Later that evening we all met again at a local bank community room to enjoy a catered bar-b-que dinner. After the meal we all visited again with others who were not at the library or on the cemetery tour. It was something else to know you had so many descendants of the same couple. Tales were told and histories were shared about the long ago generations. The following day we had a pot-luck lunch at the Nathan Bedfore Forrest State Park near Eva, TN, which is only a few miles from Camden, the town. There were more cousins to meet, they came from everywhere ----- California, Virginia, Arkansas, Mississippi, Louisiana, Missouri, and South Dakota-- to just name a few places, I can't remember all the states or members represented.

Cousin Grady Kee, had the church records from the early years when our great-grandpa was church clerk, until he was called before the church for infidelity. Our children and grand children really got a laugh about that, but I think they were like me, just a bit ashamed. I think compared to this day and time, morals have always been the same. If I never get to go to another reunion there, I can say I really enjoyed that one. It put a light on a lot of things I had heard the grown ups speak of in the past, about how the name was Key at the beginning and changed to Kee and then back to Key. Some of the descendants in Arkansas go by the spelling Key, some in other states go by Kee. However, we found out we had a lot in common.

Thursday, March 26, 2009

Life as I saw it.........

I don’t know what it was about being three but it seems that was the time that I remember first. When I was about three we lived in a tin top house, I think I remember the outside of the walls on the house being tin also. I loved to hear the rain at night, it would put me to sleep. We had a pitcher pump with a table built all around it, I could climb up on the table and pump the water.
We got a puppy while we lived there, we called him “Smokie” because he was part bull dog and had a white face and a brindle color body, he was my brother, Charles’ dog but he stayed with the family even after my brother went off to the CC camp. I rode with Dad, Charles and dad’s friend, Bud Hudpath, to get the puppy in Mr. Hudpath’s A Model car. The car was a boxy black car, like the cars you see in the 30's and 40's movies. When we got back home Dad put Smoky’s tail on a brick and cut his tail off with his knife and a hammer, one clean whack but I can still see it in my child's mind. Smokie was with us a lot of years but one day dad had to shoot him because he was foaming at the mouth and running around and dad was scared he had gone mad. Charles and I have talked about Smokie a lot, he was a good memory for us both.
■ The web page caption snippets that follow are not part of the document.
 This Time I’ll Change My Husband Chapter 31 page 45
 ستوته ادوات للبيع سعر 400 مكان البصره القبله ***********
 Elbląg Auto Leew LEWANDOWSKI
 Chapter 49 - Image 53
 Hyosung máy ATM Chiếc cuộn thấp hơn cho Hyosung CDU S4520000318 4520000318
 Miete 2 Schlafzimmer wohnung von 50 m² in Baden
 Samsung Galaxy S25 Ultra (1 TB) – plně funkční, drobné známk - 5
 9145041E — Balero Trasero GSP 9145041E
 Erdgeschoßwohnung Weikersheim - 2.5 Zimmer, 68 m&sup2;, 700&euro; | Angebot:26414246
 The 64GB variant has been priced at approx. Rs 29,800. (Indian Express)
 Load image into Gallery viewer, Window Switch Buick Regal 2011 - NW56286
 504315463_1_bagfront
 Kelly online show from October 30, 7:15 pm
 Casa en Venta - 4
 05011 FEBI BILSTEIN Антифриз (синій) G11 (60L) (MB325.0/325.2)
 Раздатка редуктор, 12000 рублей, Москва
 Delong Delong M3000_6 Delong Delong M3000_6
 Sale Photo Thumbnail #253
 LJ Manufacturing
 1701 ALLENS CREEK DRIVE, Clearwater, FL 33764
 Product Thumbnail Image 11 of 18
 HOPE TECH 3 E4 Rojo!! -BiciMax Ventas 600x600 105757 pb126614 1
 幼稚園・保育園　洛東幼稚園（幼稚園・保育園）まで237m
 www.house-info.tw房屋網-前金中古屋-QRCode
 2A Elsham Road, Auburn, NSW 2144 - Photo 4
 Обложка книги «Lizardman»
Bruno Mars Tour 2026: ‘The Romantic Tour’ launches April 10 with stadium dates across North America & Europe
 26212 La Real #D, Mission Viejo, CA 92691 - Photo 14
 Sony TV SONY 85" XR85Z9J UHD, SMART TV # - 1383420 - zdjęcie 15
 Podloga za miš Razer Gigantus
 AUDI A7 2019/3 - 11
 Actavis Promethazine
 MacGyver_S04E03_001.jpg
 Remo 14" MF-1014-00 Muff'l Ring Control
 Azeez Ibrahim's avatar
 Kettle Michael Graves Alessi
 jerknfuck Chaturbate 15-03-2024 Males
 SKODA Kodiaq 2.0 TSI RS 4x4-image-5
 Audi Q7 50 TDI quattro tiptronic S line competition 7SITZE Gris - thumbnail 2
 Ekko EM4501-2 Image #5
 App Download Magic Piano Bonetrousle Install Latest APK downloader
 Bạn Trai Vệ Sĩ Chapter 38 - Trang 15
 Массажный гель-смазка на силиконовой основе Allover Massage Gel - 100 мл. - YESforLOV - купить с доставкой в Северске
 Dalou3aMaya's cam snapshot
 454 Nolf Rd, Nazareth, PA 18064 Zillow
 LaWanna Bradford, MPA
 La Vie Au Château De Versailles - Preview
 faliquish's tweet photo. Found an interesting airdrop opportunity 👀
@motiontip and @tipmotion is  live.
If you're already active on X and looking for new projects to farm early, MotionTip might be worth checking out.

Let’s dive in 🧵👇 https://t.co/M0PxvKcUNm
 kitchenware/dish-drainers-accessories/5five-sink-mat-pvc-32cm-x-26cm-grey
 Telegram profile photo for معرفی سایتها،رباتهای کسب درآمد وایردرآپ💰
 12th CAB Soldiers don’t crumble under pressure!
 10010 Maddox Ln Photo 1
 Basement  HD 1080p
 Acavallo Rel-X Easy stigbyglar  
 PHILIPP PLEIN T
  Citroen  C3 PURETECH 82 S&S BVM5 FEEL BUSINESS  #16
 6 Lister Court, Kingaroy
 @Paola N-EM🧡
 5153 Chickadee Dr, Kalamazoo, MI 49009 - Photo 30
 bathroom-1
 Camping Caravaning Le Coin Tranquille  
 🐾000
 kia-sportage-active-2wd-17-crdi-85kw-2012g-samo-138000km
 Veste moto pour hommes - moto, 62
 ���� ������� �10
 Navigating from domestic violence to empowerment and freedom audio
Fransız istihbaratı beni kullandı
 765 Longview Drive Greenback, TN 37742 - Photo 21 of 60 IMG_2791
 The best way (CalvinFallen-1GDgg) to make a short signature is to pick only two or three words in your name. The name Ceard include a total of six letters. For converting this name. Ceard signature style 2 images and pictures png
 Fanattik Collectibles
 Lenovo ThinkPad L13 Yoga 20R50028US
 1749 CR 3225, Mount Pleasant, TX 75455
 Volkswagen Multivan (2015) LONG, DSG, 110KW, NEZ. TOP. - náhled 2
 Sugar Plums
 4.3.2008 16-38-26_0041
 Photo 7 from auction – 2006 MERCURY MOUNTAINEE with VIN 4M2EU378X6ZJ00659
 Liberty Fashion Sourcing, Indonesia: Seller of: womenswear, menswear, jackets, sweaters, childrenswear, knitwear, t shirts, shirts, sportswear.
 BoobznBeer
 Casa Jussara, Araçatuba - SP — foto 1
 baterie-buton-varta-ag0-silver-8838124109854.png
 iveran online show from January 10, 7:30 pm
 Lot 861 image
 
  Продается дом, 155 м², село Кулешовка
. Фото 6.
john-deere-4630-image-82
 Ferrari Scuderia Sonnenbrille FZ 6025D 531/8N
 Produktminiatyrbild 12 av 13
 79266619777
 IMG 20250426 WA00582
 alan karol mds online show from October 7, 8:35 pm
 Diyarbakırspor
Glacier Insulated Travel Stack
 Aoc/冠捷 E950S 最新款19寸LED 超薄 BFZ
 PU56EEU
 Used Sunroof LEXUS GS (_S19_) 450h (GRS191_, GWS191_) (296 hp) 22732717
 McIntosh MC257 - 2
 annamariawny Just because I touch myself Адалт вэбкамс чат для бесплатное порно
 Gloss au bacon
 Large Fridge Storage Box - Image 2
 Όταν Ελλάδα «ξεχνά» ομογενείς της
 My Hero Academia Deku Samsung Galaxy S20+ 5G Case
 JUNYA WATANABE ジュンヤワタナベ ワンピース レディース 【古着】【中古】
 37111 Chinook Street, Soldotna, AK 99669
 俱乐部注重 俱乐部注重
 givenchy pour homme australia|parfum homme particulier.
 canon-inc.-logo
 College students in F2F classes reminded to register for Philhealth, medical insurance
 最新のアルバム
We lived only about a quarter of a mile from the Ebenezer school house, this was where my sister Frances started to school. The house where the teachers lived caught on fire and burned one night, the flames reached high in the sky, this was my first experience with a house fire. My brother Charles and I visited the area a few years ago and the old school house was still there all grown up with weeds and stubble. This area was called “Big Creek”, it is in the area between Aubrey and Marvell, I doubt if I could go there again.
We skated on the ice in winter. We ate ice from the rain barrels until--- after the thaw when we found a dead kitten in the bottom of the barrel. Folks back then, kept barrels under the eave of the house to catch rain water to wash their hair or do the laundry, so much of the time the water that came out of the pitcher pump was rusty or foul smelling from the sulphur in the water.
About 1940 we moved south of Marianna to a farm run by the Burke family, dad share cropped. The family does the work and the boss takes his share which was most of everything. You’ve heard the old saying “I walked a mile to school everyday”? Well, in our case it was the truth, it was exactly a mile to the hard road (paved highway)where we caught the bus to Marianna to school. When it was raining or freezing dad came to the bus stop with the wagon and team and covered us with quilts to keep us warm. The Mulberry elementary school was on a hill and at recess the kids slid down the ice covered hill on sleds or paste board boxes. I don't remember many "Snow Days" from school.
When we walked to the hard road to go to school we saw the creatures of the earth,---- birds, rabbits, snakes, worms. We thought a horse hair left out in the rain would turn into a worm. My sister, Pearlie, was chased by a Blue Racer snake, when she stopped running he stopped too. We ate mulberries from the trees and we relived our day at school and thought of what homework we had to get done and about how much water we had to pump for the horses and cows. Those cows could drink and drink, Pearlie tried to run them away from the trough. Dad finally got a gasoline engine for the pump and we were so happy, but we still had to get the firewood in for the cook stove. Everything took place in the front room or the kitchen in the winter because it was cold in the bedrooms. In the summer we stayed out side when we could because it was so hot in the house. We played out side as long as we could , we played red rover, hop scotch,and we caught fireflies in a jar. The ground around the house was swept clean and all the grass was worn off, I don’t know if it was because we kept it off playing or if the grown ups kept it that way to keep back the snakes, the dogs killed a snake once in awhile. We had a China-berry tree in the yard and my sister Sue tried to eat the berries that fell so I think Mom kept the yard swept to keep up the berries. We made play houses out of sticks, we would line off our living room and kitchen and bedrooms and we left openings for our doors and windows, our furniture was a block of wood and our dishes were tin cans, we stirred up those mud pies and let them dry in the sun. We tried to get Sue to eat them. She wouldn't of course but she sure bothered us all the time, she wanted to play with us, she thought she was a big as we were, isn't that the way of sisters.

Friday, March 20, 2009

Key's - The Early Years

I want everybody to know this is my childhood memories and fantasies as I remember them. My life story begins a long time before I was a gleam in my dad's eye. My dad is James Fred Key and my mother Gerturde Mandy Little Key. Dad was born in Tennessee, somewhere around Camden. I have never been to this wonderful place but as a child I heard stories of how my great grandfather was in both the Confederate and the Union armies. The war between the north and the south must have been like the movie of "Gone with the Wind." I'm sure there were a few horse thieves and murders in my past, it seems that from the stories that most of the Key(spelled Kee in the earlier years) men in those days were rugged, hot tempered, hell raisers, and womanizers.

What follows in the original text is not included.